• Data section:
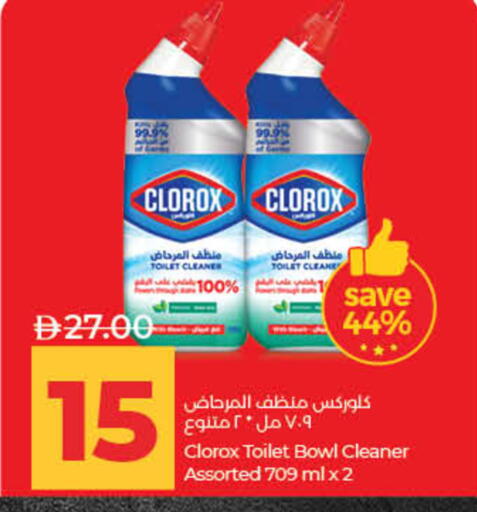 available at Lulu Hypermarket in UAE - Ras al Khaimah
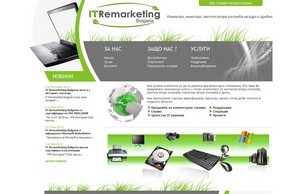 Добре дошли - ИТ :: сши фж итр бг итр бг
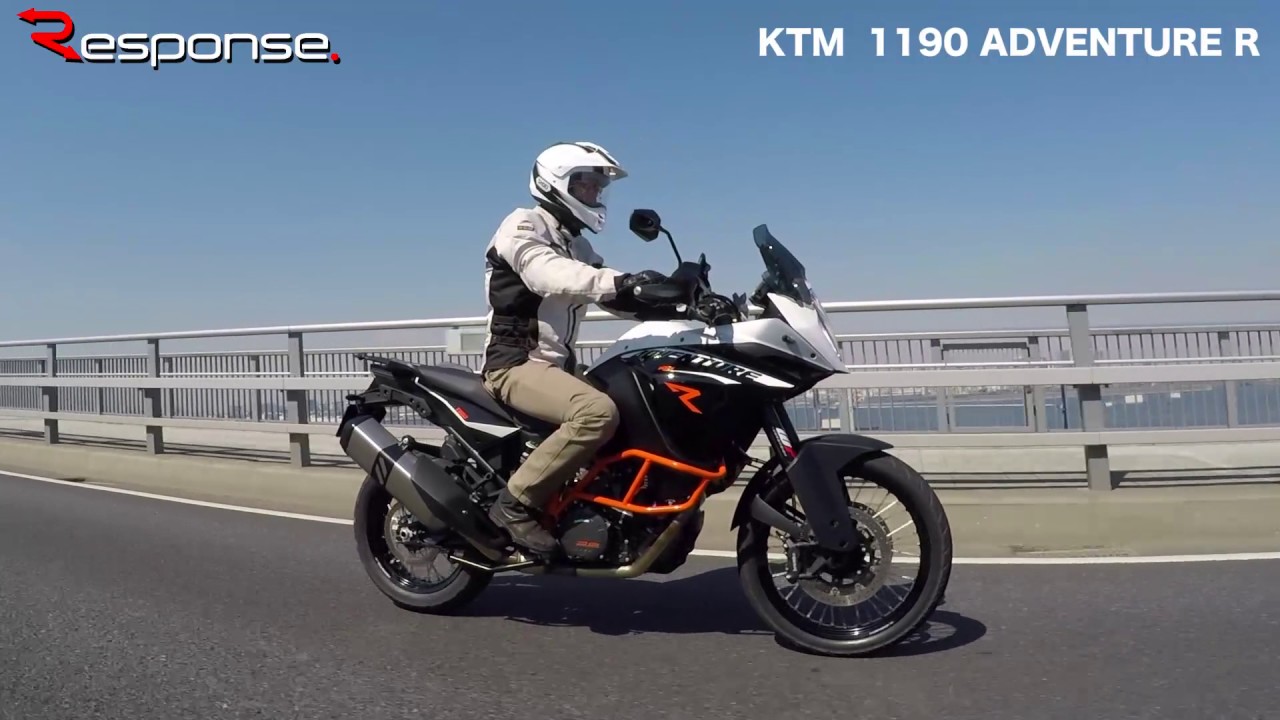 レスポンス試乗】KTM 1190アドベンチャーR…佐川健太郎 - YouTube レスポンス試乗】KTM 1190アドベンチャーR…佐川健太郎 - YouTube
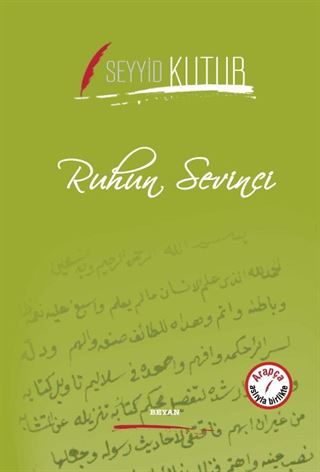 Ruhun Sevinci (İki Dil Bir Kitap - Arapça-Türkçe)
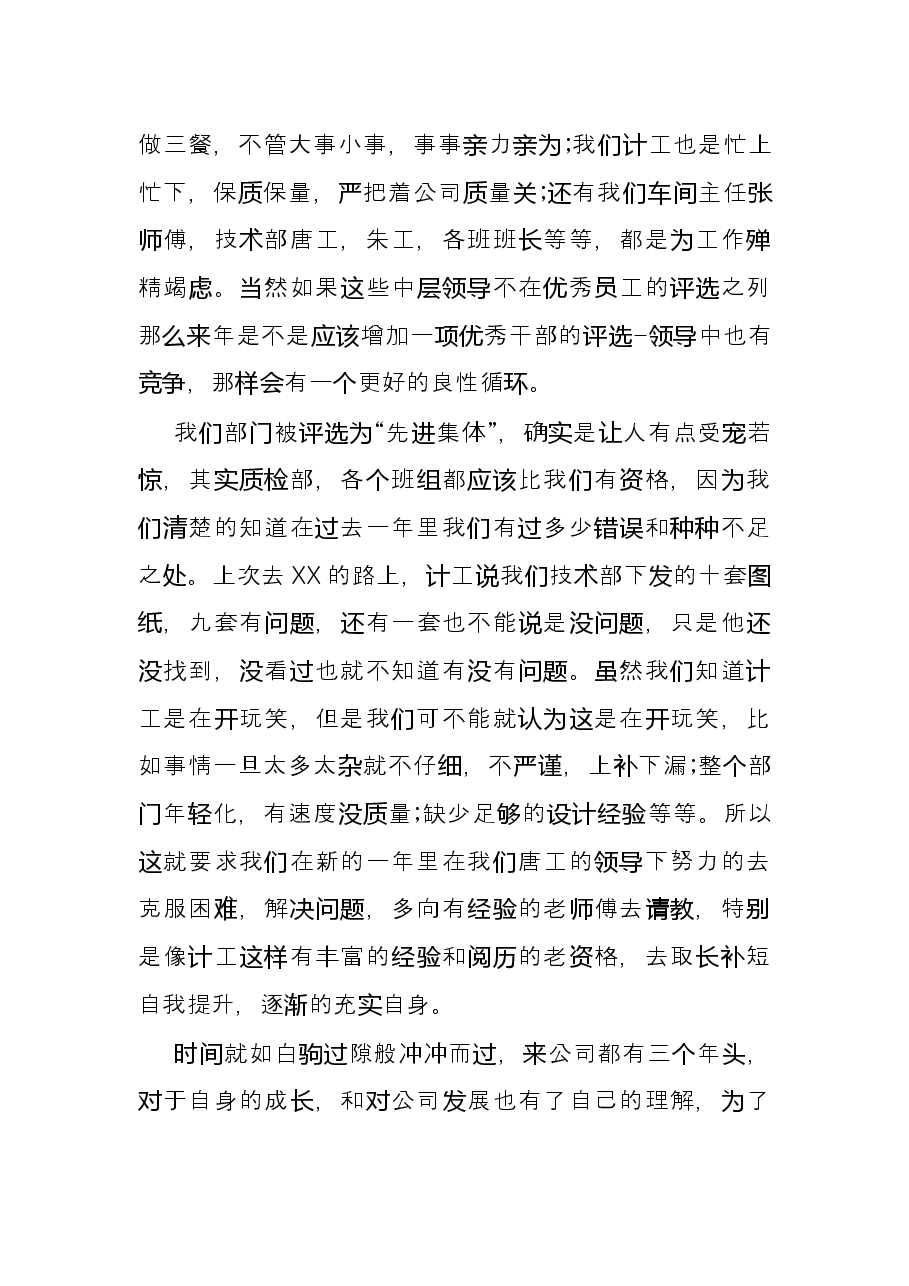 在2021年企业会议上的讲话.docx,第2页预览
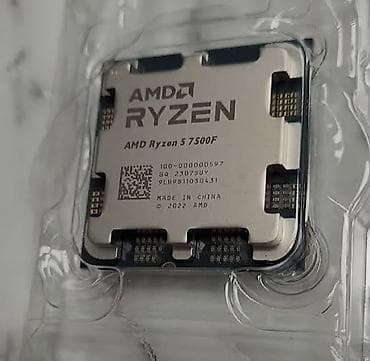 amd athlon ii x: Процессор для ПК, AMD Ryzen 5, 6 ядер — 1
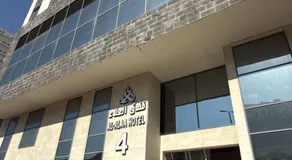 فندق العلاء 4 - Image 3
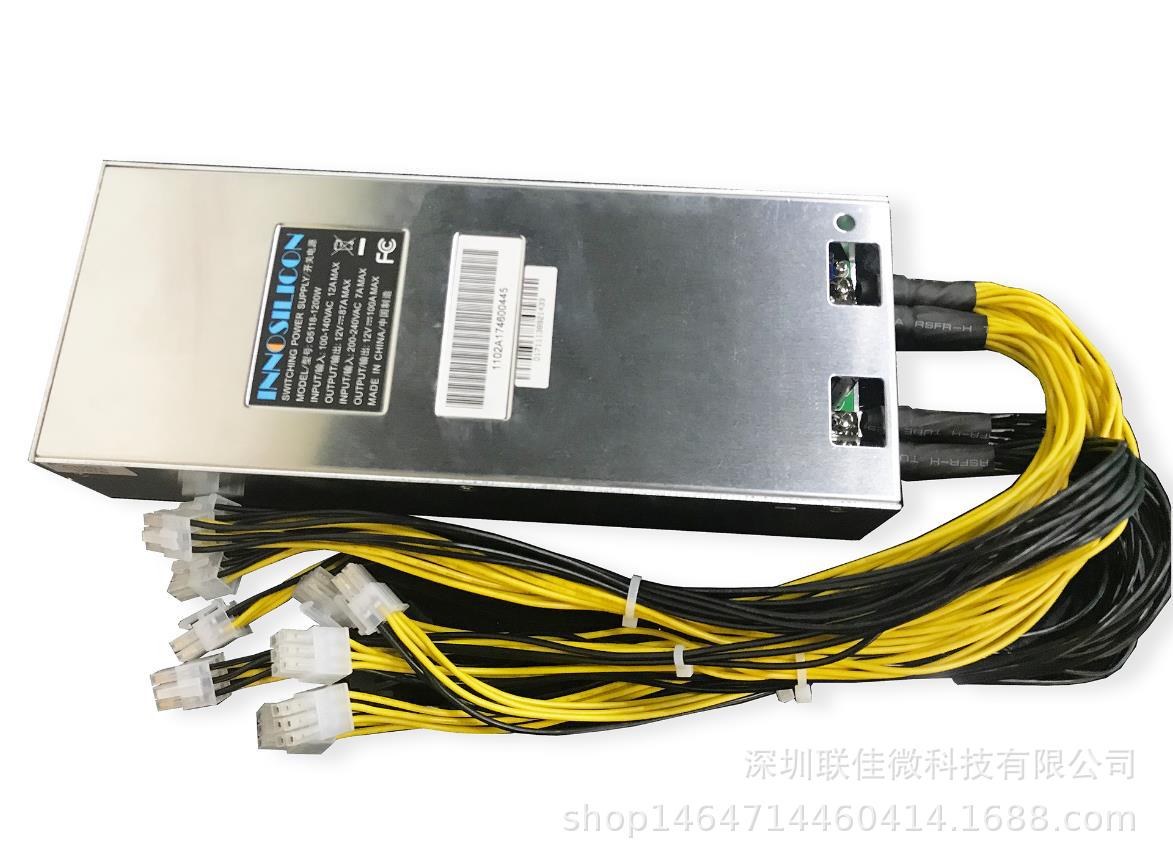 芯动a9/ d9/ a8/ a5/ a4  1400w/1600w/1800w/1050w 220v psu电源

...

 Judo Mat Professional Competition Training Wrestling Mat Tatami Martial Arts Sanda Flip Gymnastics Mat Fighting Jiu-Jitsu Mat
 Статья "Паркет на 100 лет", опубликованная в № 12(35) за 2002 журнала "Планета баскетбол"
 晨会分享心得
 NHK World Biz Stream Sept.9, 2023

---

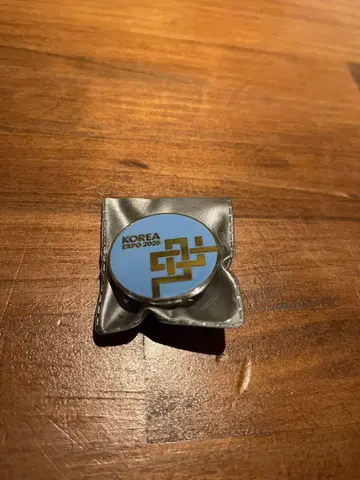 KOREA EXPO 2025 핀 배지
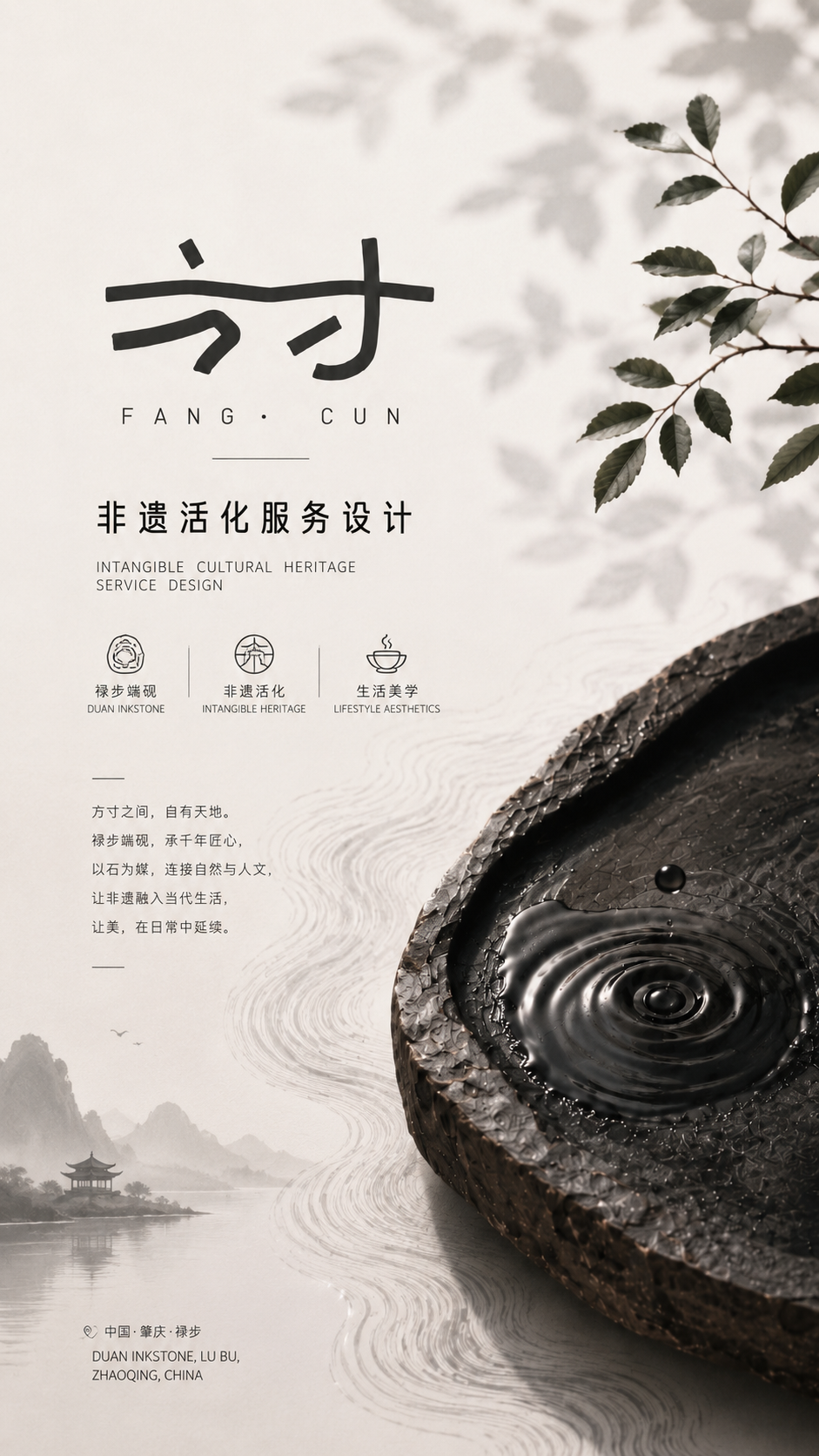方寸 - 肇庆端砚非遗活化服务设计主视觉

• Exercise brief:
Beginning with the line that contains "available at Lulu" and ending with the line that contains "芯动a9/ d9/ a8/", reproduce the listing exactly, pictures excluded.

• The answer:
 available at Lulu Hypermarket in UAE - Ras al Khaimah
 Добре дошли - ИТ :: сши фж итр бг итр бг
 レスポンス試乗】KTM 1190アドベンチャーR…佐川健太郎 - YouTube レスポンス試乗】KTM 1190アドベンチャーR…佐川健太郎 - YouTube
 Ruhun Sevinci (İki Dil Bir Kitap - Arapça-Türkçe)
 在2021年企业会议上的讲话.docx,第2页预览
 amd athlon ii x: Процессор для ПК, AMD Ryzen 5, 6 ядер — 1
 فندق العلاء 4 - Image 3
 芯动a9/ d9/ a8/ a5/ a4  1400w/1600w/1800w/1050w 220v psu电源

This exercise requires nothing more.